Parmi les victimes des dernières coupures, on retrouve une
douzaine de pays dont l’aide est supprimée (Rwanda, Chine, Cambodge, Népal,
Zambie, Zimbabwe, Niger) ou diminuée (Afghanistan, Pakistan, Bolivie, Tanzanie,
Mozambique). On retrouve également les organisations québécoises (comme le
Comité de solidarité/Trois-Rivières) qui, malgré l’expertise qu’elles ont
développée au cours des décennies, sont de plus en plus souvent ignorées par
l’ACDI. C’est à tout le moins ce que démontre la répartition inégalitaire des
fonds (seulement 11,2% des fonds sont alloués au Québec). D’ailleurs, dans un
communiqué publié en avril dernier, l’Association québécoise des organismes de
coopération internationale (AQOCI) dénonçait vertement ces coupures. Elle
rappelait qu’en ne dépassant pas 0,3% de son produit intérieur brut (PIB) en
aide au développement, le Canada s’éloigne sans cesse de l’objectif de 0,7% de
l’Organisation des Nations unies (ONU), tel que voté par l’Assemblée générale
en 1970. Malgré ce constat, la ministre Oda refuse toujours de s’expliquer à
l’AQOCI, un acteur pourtant incontournable dans l’aide internationale.

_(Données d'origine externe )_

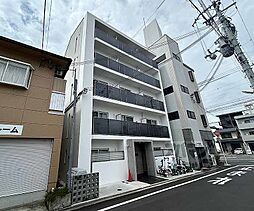 京福電気鉄道北野線 北野白梅町駅 徒歩4分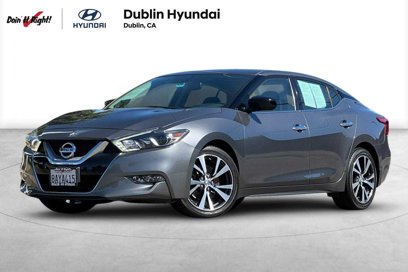 Used 2017 Nissan Maxima 3.5 S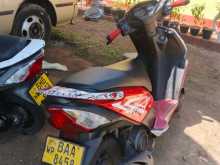 Honda Dio 2012 Motorbike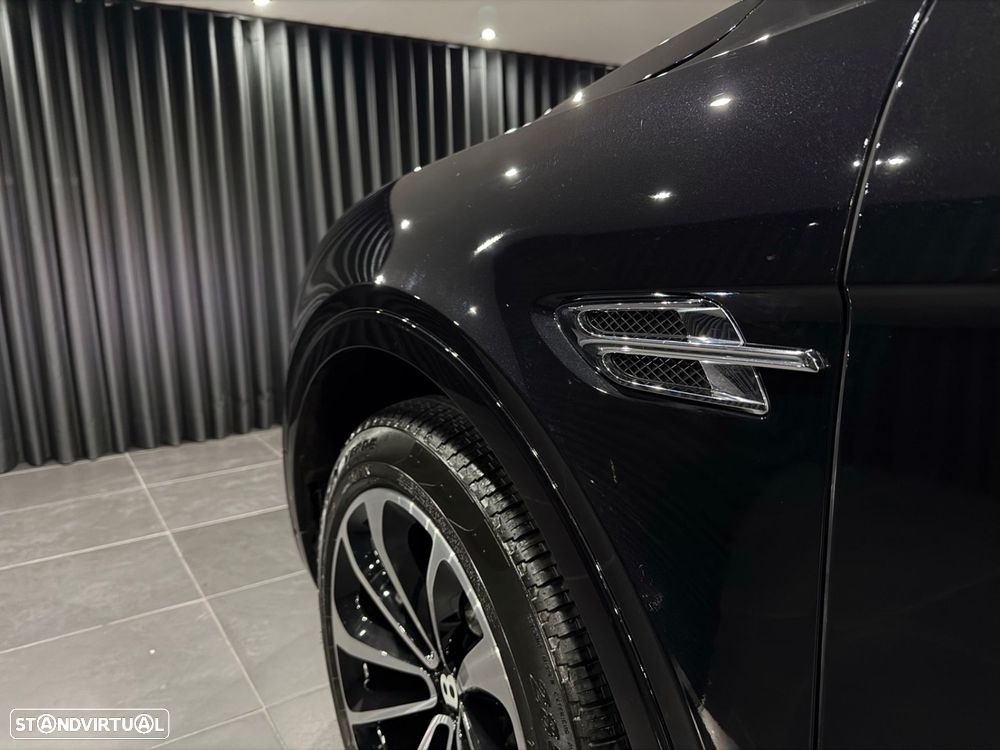 Bentley Bentayga V8 - 20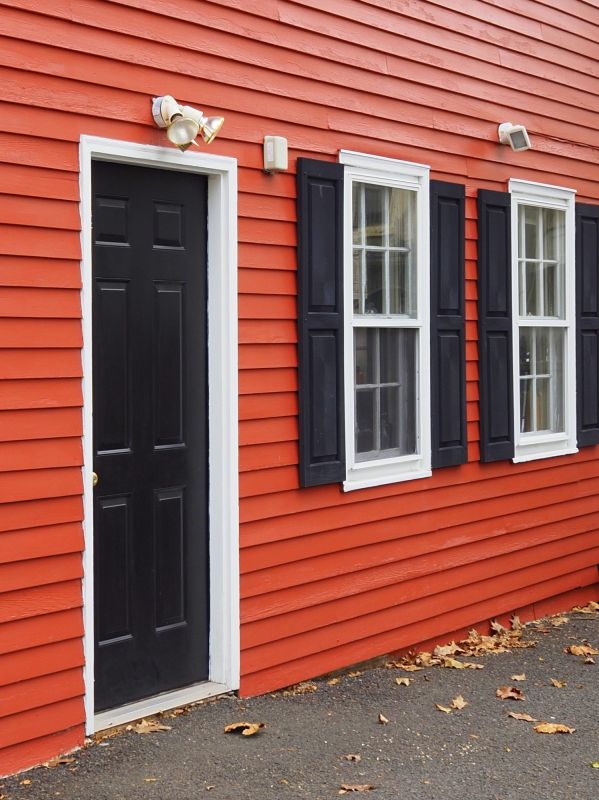 Wood Shutters Installation in Richmond, VA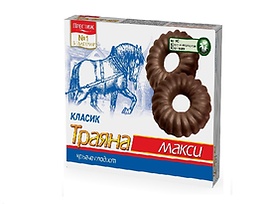 Траяна Бисквити Макси 241 г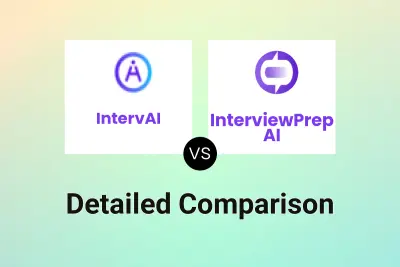 IntervAI vs InterviewPrep AI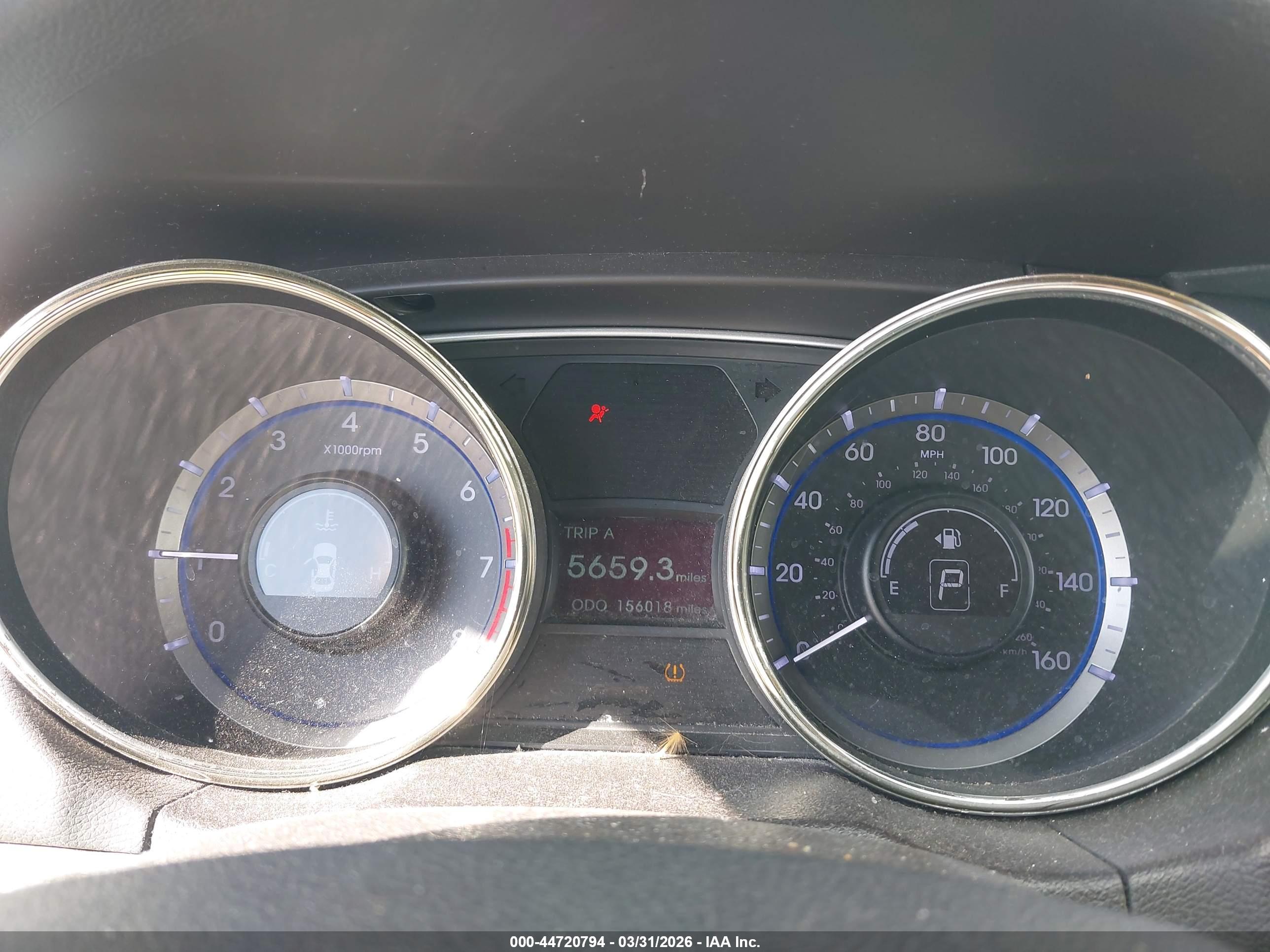 HYUNDAI SONATA image 7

Difficile de croire que quiconque puisse profiter de cette
hécatombe en matière de coopération internationale. Pourtant, certains se
réjouissent d’un changement de cap. En effet, malgré la période de disette,
l’ACDI initie de nombreuses collaborations avec des sociétés minières. Grâce à
un subterfuge astucieux, des compagnies déjà milliardaires (IAMGOLD, Barrick
Gold, Rio Tinto Alcan, Lundin) obtiennent des subventions indirectes – par
l’entremise de fondations – pour développer des projets de coopération dans les
pays où elles sont actives.
Qu’elles le fassent au nom de la coopération internationale tient
de l’indécence et du délire. Rappelons qu’il s’agit, pour plusieurs, des mêmes
acteurs que ceux dénoncés en 2008 par Alain Deneault dans son ouvrage Noir Canada (maintenant mis à «l’index
néolibéral»). Loin de représenter des modèles en matière de développement
humain, ces compagnies possèdent une réputation de voyous. Dans les régions où
elles exploitent, on les accuse de détériorer l’environnement (en profitant de
l’absence de législation des pays du Sud) et d’engendrer des conflits sociaux. En
2009, un rapport de l’Association canadienne des prospecteurs et entrepreneurs
affirmait que «les sociétés canadiennes forment le groupe le plus significatif
en ce qui concerne les incidents malheureux dans les pays en voie de
développement». Dans les Andes, Barrick Gold est accusé de manque de
transparence, de corruption et de non-respect des règles environnementales. En
Tanzanie et en Papouasie-Nouvelle-Guinée, on accuse des employés de Barrick Gold
d’être responsables de plusieurs abus sexuels, agressions et meurtres. En somme, les accusations à l’endroit des
minières canadiennes fusent de toutes parts : Corp Watch, RepRisk,
Amnistie internationale, Mines Alert Canada, Human Rights Watch.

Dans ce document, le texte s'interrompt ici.